I have a stream of logging events that arrive at a nearly constant rate of 15000 per second.
I am attempting to enrich (add) two fields based on two separate databases, one column per database.
I have two Logstash instances (8 vCPUs, 64 GB RAM) which are sharing the load evenly and the CPU time consumption is about 15 percent across each vCPU in steady state.

These instances are running on AWS EC2 with EBS storage; I am using memory queues (no persistent queues at all).

Each Logstash is running 32 workers, with a pipeline batch size of 5120, using the pipeline batch delay of 50 ms.

'top -H' shows that the worker threads are getting an equal share of the available CPU.

The pipeline looks like:

Input: Kinesis
Filters: date -> (jdbc_static) -> fingerprint (MD5)
Output: amazon_es

These two Logstash instances have no problem keeping up until I add the jdbc_static filter into the filter part of the pipeline.

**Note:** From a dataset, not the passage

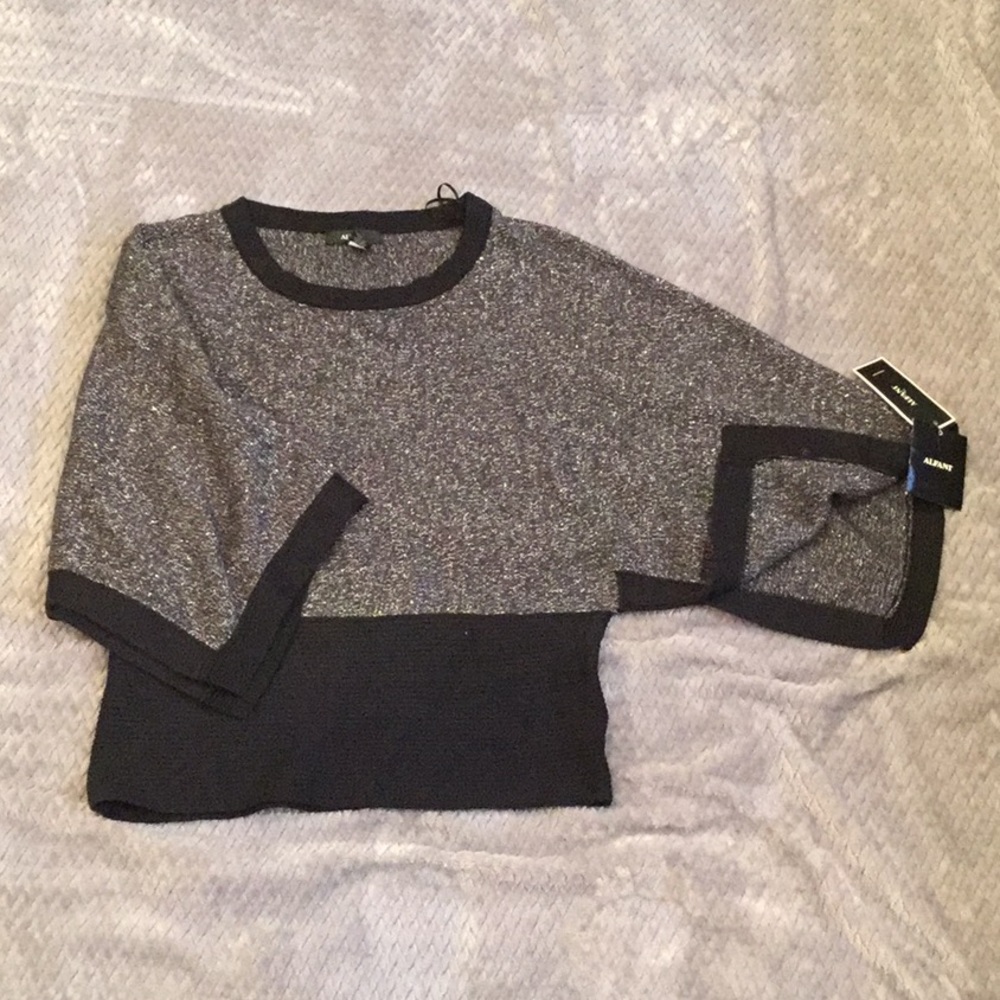 NWT ALFANI Woman Sweater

When I add the JDBC filter to the pipeline on one of the two instances, throughput on that instance immediately drops to near zero; oddly, after the first minute, only 9999 events go through the pipeline in aggregate, and then no more progress is made.

The second Logstash instance remains healthy and processes the events at the expected rate (about 460000 per minute).

When I swap the old .conf file back in, the pipeline stalls, giving this message:

[2020-01-08T18:19:17,606][WARN ][org.logstash.execution.ShutdownWatcherExt] {"inflight_count"=>0, "stalling_threads_info"=>{["LogStash::Filters::JdbcStatic", ...

... so, I stop and start logstash and that allows the instance to return to processing events at the rate of about 460000 per minute.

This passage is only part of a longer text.